WHAT YOU ARE ASKED TO DO |
In the data below, find the line containing "KRAUF ALA5602KR Генератор" and the line containing "KIRHNE T Shirts Unisex-1", then reproduce them and every line between, exactly. Omit pictures.

DATA PROVIDED |

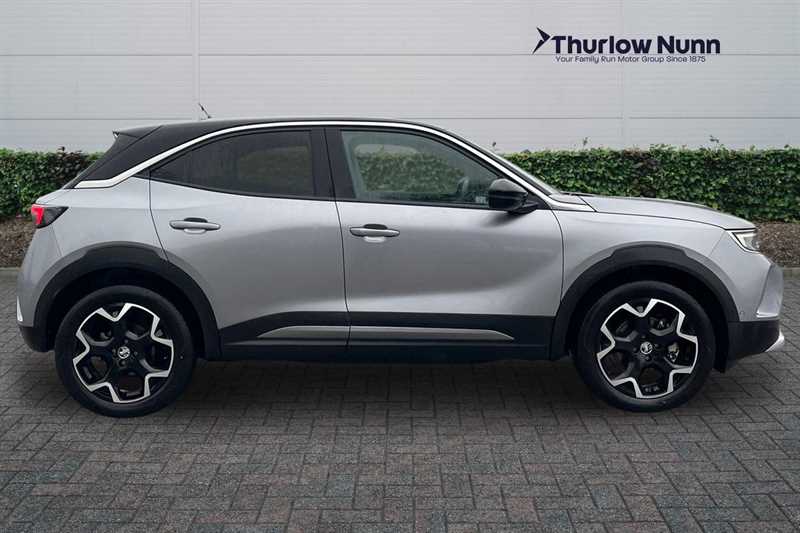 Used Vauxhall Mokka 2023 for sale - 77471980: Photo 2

---

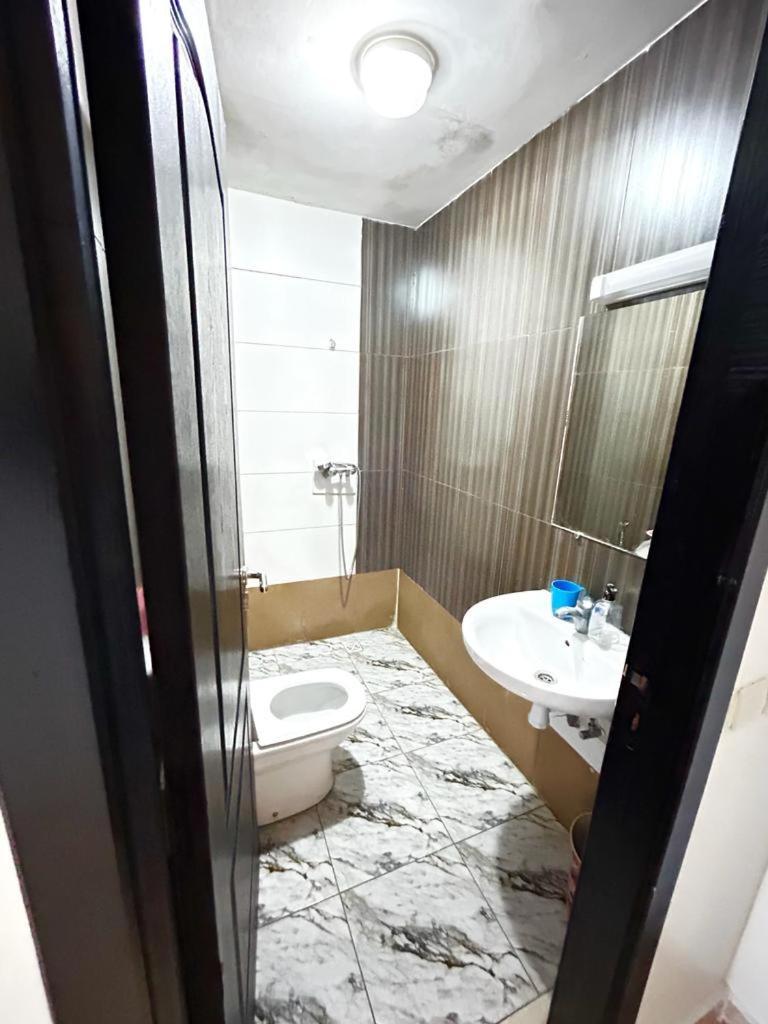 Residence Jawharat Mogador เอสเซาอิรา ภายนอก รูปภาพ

* * *

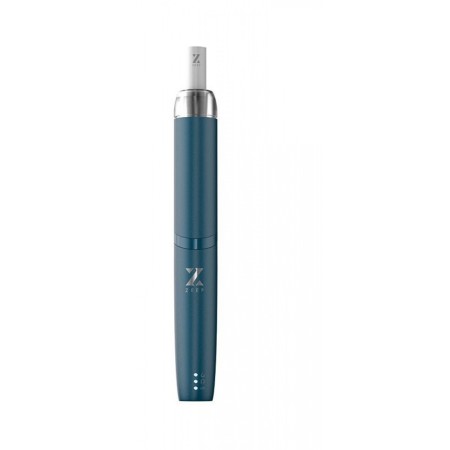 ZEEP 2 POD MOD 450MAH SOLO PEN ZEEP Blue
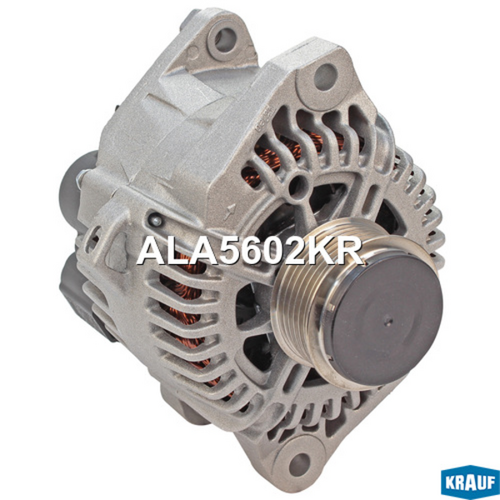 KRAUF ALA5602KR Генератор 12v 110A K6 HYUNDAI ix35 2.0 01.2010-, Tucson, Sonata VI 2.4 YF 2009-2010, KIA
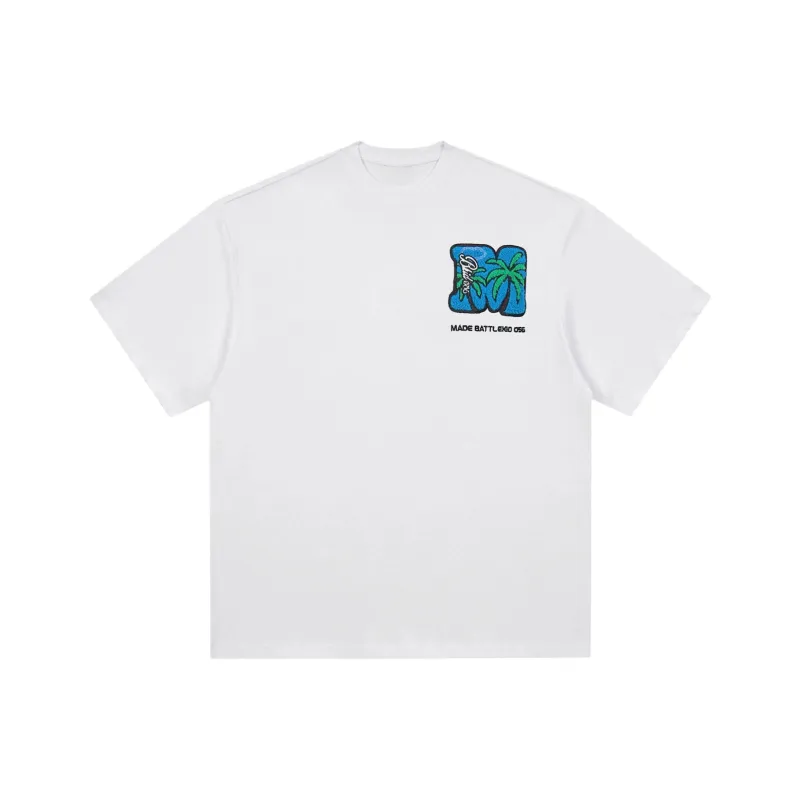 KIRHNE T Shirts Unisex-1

RESULT |
 KRAUF ALA5602KR Генератор 12v 110A K6 HYUNDAI ix35 2.0 01.2010-, Tucson, Sonata VI 2.4 YF 2009-2010, KIA
 KIRHNE T Shirts Unisex-1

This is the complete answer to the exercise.